• **Records for processing**:
::::::

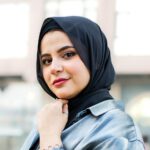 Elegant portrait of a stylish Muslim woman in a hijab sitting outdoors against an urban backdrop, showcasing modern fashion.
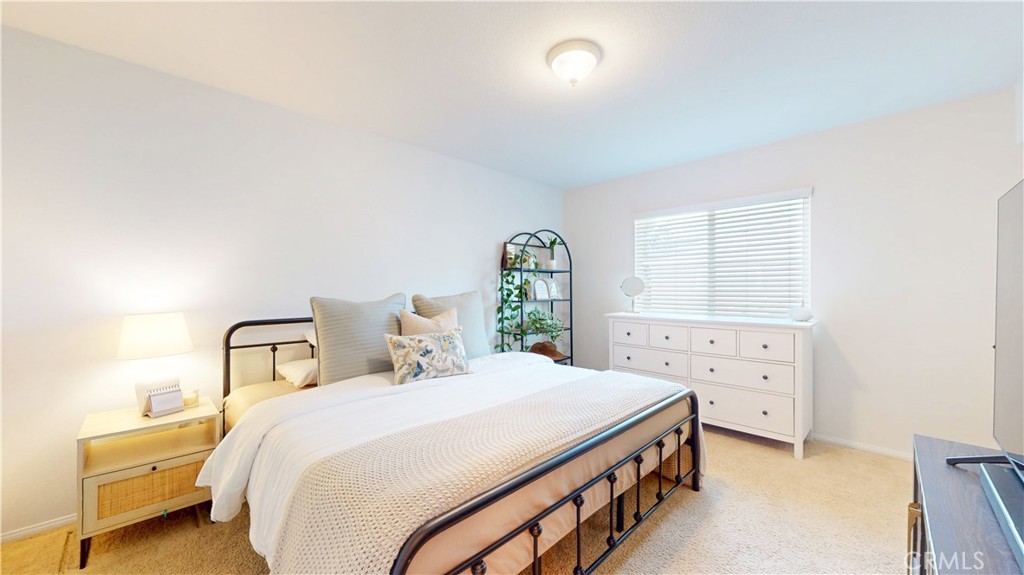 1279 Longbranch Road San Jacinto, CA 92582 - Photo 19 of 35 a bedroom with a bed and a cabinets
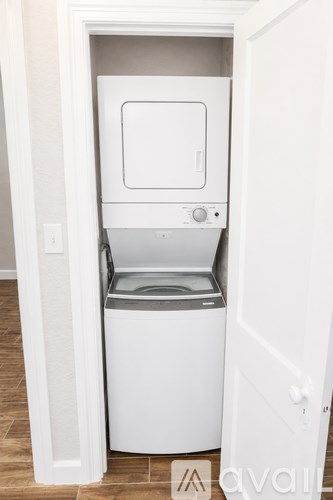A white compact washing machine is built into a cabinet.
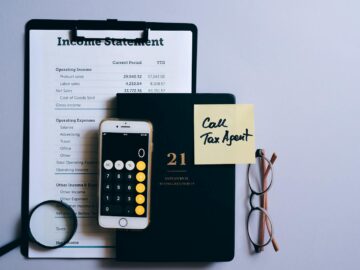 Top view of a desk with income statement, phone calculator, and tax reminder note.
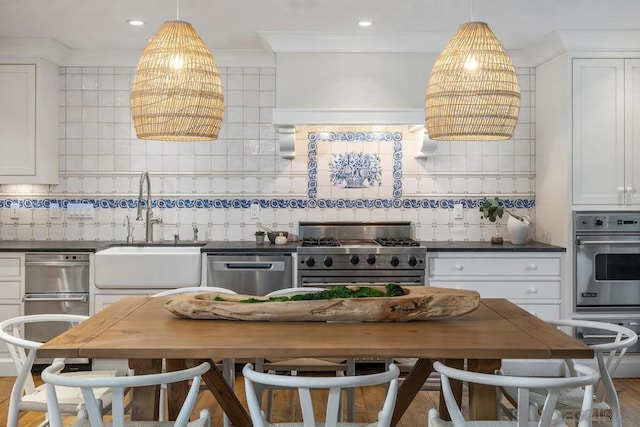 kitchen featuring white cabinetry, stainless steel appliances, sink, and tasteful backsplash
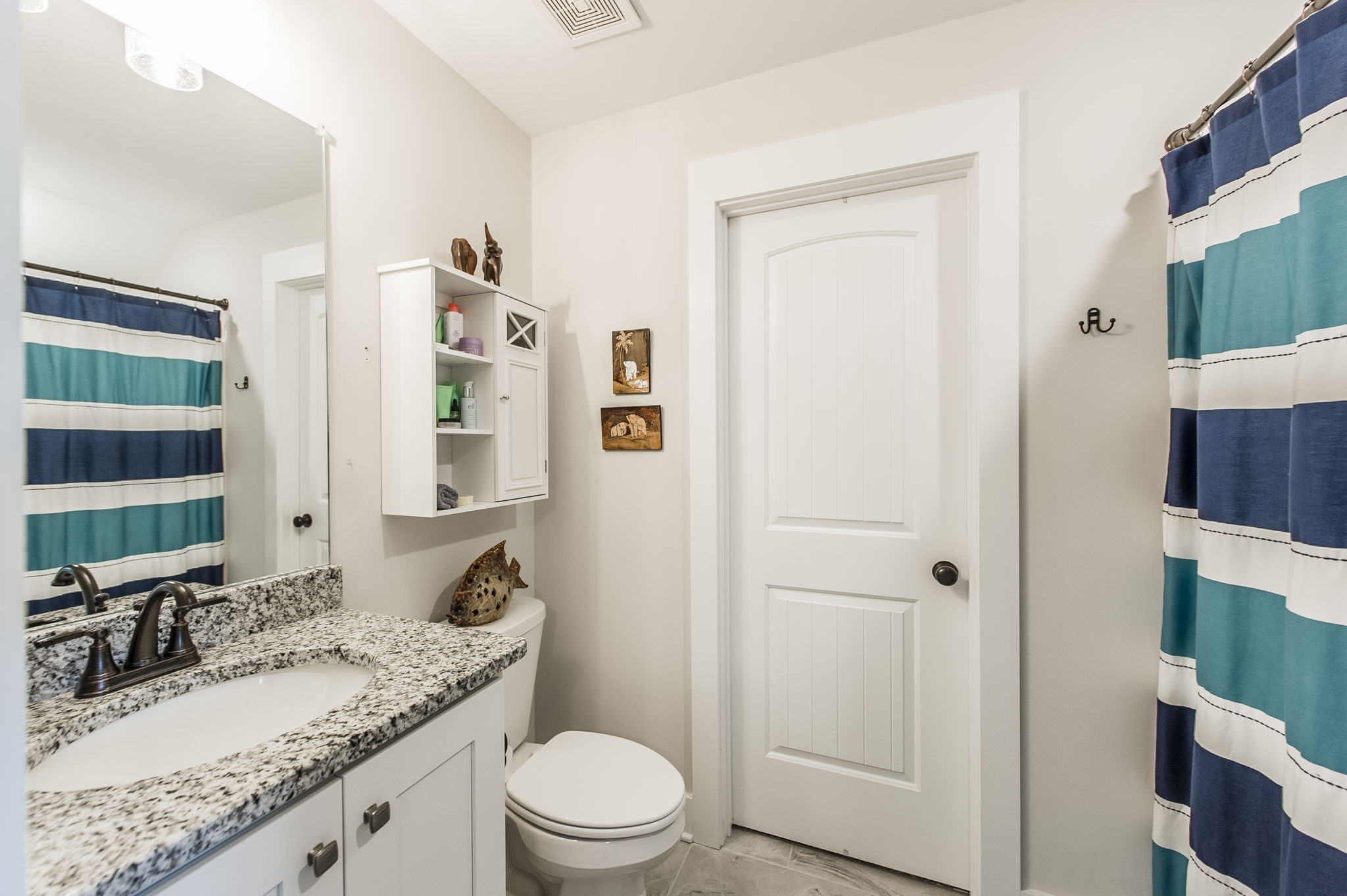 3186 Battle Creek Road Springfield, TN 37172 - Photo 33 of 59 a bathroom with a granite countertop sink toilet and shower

::::::

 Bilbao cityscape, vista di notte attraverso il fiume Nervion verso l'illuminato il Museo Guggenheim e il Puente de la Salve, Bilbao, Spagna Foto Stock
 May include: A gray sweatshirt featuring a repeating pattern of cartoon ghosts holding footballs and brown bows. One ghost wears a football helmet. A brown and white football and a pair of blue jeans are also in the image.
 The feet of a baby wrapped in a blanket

::::::

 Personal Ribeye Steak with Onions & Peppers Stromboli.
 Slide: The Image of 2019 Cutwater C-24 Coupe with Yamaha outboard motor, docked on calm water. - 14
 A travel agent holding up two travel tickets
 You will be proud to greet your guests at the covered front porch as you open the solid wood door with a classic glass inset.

::::::

• **What is expected**: Take exactly the lines from the one containing "Slide: The Image" through the one containing "You will be" in the data above, and output them with nothing added.

• **Result of this task**:
 Slide: The Image of 2019 Cutwater C-24 Coupe with Yamaha outboard motor, docked on calm water. - 14
 A travel agent holding up two travel tickets
 You will be proud to greet your guests at the covered front porch as you open the solid wood door with a classic glass inset.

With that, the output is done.